Anthony Yadgaroff, managing director at discount broker Allenbridge, says: “The world has moved on from 10 years ago. Technology is much more embedded in our Western way of life, and increasingly in that of developing nations as well.”

After the market setbacks of 1990 and 2002, technology stocks showed an ability to rally. And this time around, the sector could be helped by a software-replacement cycle, which analysts suggest happens every 10 years.

Hugh Yarrow, investment manager at Wise Investment, says it’s important to make a distinction between US and UK technology sectors. “A positive argument for US large-cap technology stocks doesn’t necessarily translate into a similar argument for our domestic sector. Most of the market-leading brands, such as IBM, Microsoft and Apple, are US-based.”

For this reason, most technology funds typically have two-thirds invested in the US, with some exposure to the UK and Taiwan. This makes them sensitive to the US economy and to the current strength of the dollar.

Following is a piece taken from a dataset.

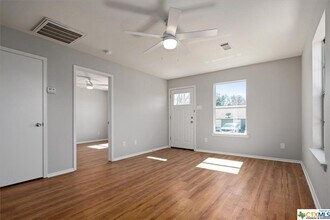 1206-1208 Hillyer St in San Marcos, TX - Building Photo - Building Photo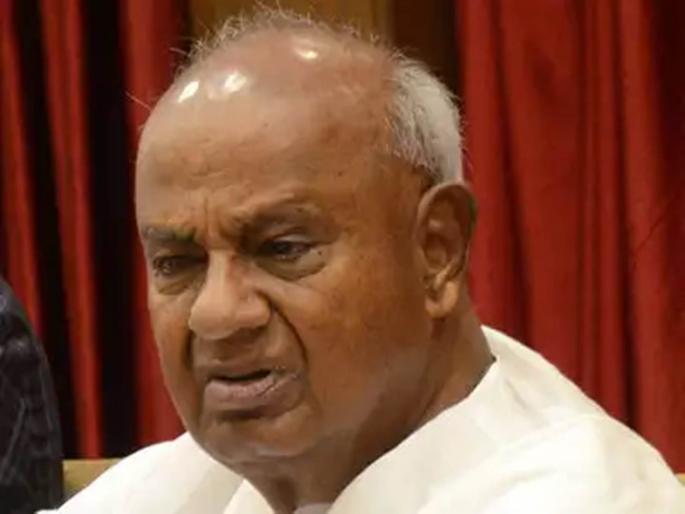 Lok Sabha Election 2019: Former Prime Minister HD Deve Gowda in trouble | Lok Sabha Election 2019 : माजी पंतप्रधान एचडी देवेगौडा पराभवाच्या छायेत Lok Sabha Election 2019: Former Prime Minister HD Deve Gowda in trouble | Lok Sabha Election 2019 : माजी पंतप्रधान एचडी देवेगौडा पराभवाच्या छायेत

Out of 10 technology funds in the sector, the AXA Framlington Global Technology fund, managed by Jeremy Gleeson, has performed consistently over one, three and seven years. Gleeson thinks the development of the ‘cloud computing’ business model, where data and other material is stored remotely, will present further opportunities for growth during 2010.

But investors should be wary of over-exposure to what is still a high-risk sector, as their portfolios may already have exposure through investments in the FTSE All-Share or hi-tech companies in the emerging markets.